:: The problem ::
Please give back the listing below in full. Change nothing.
*** Opening of The records ***
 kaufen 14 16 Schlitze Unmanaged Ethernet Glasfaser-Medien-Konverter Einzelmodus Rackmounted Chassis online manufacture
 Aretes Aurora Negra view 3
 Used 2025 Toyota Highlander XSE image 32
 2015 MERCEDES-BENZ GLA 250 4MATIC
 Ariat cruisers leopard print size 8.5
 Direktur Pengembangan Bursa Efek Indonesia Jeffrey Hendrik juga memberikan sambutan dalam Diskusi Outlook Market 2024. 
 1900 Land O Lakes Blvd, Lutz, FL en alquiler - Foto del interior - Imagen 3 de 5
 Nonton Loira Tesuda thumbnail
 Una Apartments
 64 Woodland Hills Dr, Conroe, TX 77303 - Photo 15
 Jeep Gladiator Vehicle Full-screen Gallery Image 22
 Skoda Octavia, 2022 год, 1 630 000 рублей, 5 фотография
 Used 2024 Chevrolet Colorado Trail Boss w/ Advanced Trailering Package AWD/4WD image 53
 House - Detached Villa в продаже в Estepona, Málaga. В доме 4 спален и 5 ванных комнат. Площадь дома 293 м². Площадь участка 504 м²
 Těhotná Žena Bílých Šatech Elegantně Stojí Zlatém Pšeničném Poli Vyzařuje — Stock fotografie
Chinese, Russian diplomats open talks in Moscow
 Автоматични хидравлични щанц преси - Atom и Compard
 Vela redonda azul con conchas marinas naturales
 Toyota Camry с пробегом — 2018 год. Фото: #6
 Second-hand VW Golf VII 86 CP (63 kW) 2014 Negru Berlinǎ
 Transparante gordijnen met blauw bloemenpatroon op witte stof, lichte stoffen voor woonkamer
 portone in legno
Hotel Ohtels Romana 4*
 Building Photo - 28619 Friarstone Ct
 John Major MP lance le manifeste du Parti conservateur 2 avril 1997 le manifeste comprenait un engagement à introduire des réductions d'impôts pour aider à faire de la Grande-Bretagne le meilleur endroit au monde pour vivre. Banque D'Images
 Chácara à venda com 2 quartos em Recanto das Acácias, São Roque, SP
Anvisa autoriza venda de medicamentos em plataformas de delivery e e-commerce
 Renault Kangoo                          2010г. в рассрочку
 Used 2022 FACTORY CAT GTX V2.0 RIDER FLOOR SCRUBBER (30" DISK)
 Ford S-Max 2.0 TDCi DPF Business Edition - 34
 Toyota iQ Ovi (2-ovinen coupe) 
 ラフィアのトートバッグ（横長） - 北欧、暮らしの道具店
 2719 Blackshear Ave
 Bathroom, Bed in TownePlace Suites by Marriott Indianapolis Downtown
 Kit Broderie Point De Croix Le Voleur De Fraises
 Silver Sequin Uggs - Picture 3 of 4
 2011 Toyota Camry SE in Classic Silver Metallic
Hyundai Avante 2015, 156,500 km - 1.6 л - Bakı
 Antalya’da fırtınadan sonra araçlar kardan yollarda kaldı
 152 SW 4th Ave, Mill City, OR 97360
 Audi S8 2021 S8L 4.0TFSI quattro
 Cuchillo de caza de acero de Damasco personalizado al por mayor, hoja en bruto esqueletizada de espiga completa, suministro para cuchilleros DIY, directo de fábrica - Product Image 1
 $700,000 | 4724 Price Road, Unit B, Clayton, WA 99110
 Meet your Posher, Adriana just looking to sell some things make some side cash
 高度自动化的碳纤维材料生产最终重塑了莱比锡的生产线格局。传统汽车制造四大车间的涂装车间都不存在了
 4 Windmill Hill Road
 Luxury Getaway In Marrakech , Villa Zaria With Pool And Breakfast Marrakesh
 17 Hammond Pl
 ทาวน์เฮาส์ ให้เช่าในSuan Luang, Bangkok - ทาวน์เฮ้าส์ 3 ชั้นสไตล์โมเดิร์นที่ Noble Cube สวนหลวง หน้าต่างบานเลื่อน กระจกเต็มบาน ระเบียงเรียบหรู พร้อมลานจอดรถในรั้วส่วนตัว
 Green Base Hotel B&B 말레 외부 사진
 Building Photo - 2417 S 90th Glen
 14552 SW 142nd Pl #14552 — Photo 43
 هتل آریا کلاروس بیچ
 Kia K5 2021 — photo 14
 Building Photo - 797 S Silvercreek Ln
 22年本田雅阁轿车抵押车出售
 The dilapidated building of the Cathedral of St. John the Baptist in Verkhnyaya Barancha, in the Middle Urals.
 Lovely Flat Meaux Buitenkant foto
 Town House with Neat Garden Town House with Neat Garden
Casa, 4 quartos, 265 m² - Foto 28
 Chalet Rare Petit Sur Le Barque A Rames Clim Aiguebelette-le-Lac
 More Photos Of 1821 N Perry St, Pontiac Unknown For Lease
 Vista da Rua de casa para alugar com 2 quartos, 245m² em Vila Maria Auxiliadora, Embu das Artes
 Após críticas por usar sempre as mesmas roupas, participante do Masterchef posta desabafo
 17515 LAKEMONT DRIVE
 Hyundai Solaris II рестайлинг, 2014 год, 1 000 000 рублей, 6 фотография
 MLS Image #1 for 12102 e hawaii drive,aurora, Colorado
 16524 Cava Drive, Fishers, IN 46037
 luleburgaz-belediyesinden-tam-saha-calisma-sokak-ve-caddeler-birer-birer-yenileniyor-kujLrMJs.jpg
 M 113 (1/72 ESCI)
*** Close of The records ***
:: Final answer ::
 kaufen 14 16 Schlitze Unmanaged Ethernet Glasfaser-Medien-Konverter Einzelmodus Rackmounted Chassis online manufacture
 Aretes Aurora Negra view 3
 Used 2025 Toyota Highlander XSE image 32
 2015 MERCEDES-BENZ GLA 250 4MATIC
 Ariat cruisers leopard print size 8.5
 Direktur Pengembangan Bursa Efek Indonesia Jeffrey Hendrik juga memberikan sambutan dalam Diskusi Outlook Market 2024. 
 1900 Land O Lakes Blvd, Lutz, FL en alquiler - Foto del interior - Imagen 3 de 5
 Nonton Loira Tesuda thumbnail
 Una Apartments
 64 Woodland Hills Dr, Conroe, TX 77303 - Photo 15
 Jeep Gladiator Vehicle Full-screen Gallery Image 22
 Skoda Octavia, 2022 год, 1 630 000 рублей, 5 фотография
 Used 2024 Chevrolet Colorado Trail Boss w/ Advanced Trailering Package AWD/4WD image 53
 House - Detached Villa в продаже в Estepona, Málaga. В доме 4 спален и 5 ванных комнат. Площадь дома 293 м². Площадь участка 504 м²
 Těhotná Žena Bílých Šatech Elegantně Stojí Zlatém Pšeničném Poli Vyzařuje — Stock fotografie
Chinese, Russian diplomats open talks in Moscow
 Автоматични хидравлични щанц преси - Atom и Compard
 Vela redonda azul con conchas marinas naturales
 Toyota Camry с пробегом — 2018 год. Фото: #6
 Second-hand VW Golf VII 86 CP (63 kW) 2014 Negru Berlinǎ
 Transparante gordijnen met blauw bloemenpatroon op witte stof, lichte stoffen voor woonkamer
 portone in legno
Hotel Ohtels Romana 4*
 Building Photo - 28619 Friarstone Ct
 John Major MP lance le manifeste du Parti conservateur 2 avril 1997 le manifeste comprenait un engagement à introduire des réductions d'impôts pour aider à faire de la Grande-Bretagne le meilleur endroit au monde pour vivre. Banque D'Images
 Chácara à venda com 2 quartos em Recanto das Acácias, São Roque, SP
Anvisa autoriza venda de medicamentos em plataformas de delivery e e-commerce
 Renault Kangoo                          2010г. в рассрочку
 Used 2022 FACTORY CAT GTX V2.0 RIDER FLOOR SCRUBBER (30" DISK)
 Ford S-Max 2.0 TDCi DPF Business Edition - 34
 Toyota iQ Ovi (2-ovinen coupe) 
 ラフィアのトートバッグ（横長） - 北欧、暮らしの道具店
 2719 Blackshear Ave
 Bathroom, Bed in TownePlace Suites by Marriott Indianapolis Downtown
 Kit Broderie Point De Croix Le Voleur De Fraises
 Silver Sequin Uggs - Picture 3 of 4
 2011 Toyota Camry SE in Classic Silver Metallic
Hyundai Avante 2015, 156,500 km - 1.6 л - Bakı
 Antalya’da fırtınadan sonra araçlar kardan yollarda kaldı
 152 SW 4th Ave, Mill City, OR 97360
 Audi S8 2021 S8L 4.0TFSI quattro
 Cuchillo de caza de acero de Damasco personalizado al por mayor, hoja en bruto esqueletizada de espiga completa, suministro para cuchilleros DIY, directo de fábrica - Product Image 1
 $700,000 | 4724 Price Road, Unit B, Clayton, WA 99110
 Meet your Posher, Adriana just looking to sell some things make some side cash
 高度自动化的碳纤维材料生产最终重塑了莱比锡的生产线格局。传统汽车制造四大车间的涂装车间都不存在了
 4 Windmill Hill Road
 Luxury Getaway In Marrakech , Villa Zaria With Pool And Breakfast Marrakesh
 17 Hammond Pl
 ทาวน์เฮาส์ ให้เช่าในSuan Luang, Bangkok - ทาวน์เฮ้าส์ 3 ชั้นสไตล์โมเดิร์นที่ Noble Cube สวนหลวง หน้าต่างบานเลื่อน กระจกเต็มบาน ระเบียงเรียบหรู พร้อมลานจอดรถในรั้วส่วนตัว
 Green Base Hotel B&B 말레 외부 사진
 Building Photo - 2417 S 90th Glen
 14552 SW 142nd Pl #14552 — Photo 43
 هتل آریا کلاروس بیچ
 Kia K5 2021 — photo 14
 Building Photo - 797 S Silvercreek Ln
 22年本田雅阁轿车抵押车出售
 The dilapidated building of the Cathedral of St. John the Baptist in Verkhnyaya Barancha, in the Middle Urals.
 Lovely Flat Meaux Buitenkant foto
 Town House with Neat Garden Town House with Neat Garden
Casa, 4 quartos, 265 m² - Foto 28
 Chalet Rare Petit Sur Le Barque A Rames Clim Aiguebelette-le-Lac
 More Photos Of 1821 N Perry St, Pontiac Unknown For Lease
 Vista da Rua de casa para alugar com 2 quartos, 245m² em Vila Maria Auxiliadora, Embu das Artes
 Após críticas por usar sempre as mesmas roupas, participante do Masterchef posta desabafo
 17515 LAKEMONT DRIVE
 Hyundai Solaris II рестайлинг, 2014 год, 1 000 000 рублей, 6 фотография
 MLS Image #1 for 12102 e hawaii drive,aurora, Colorado
 16524 Cava Drive, Fishers, IN 46037
 luleburgaz-belediyesinden-tam-saha-calisma-sokak-ve-caddeler-birer-birer-yenileniyor-kujLrMJs.jpg
 M 113 (1/72 ESCI)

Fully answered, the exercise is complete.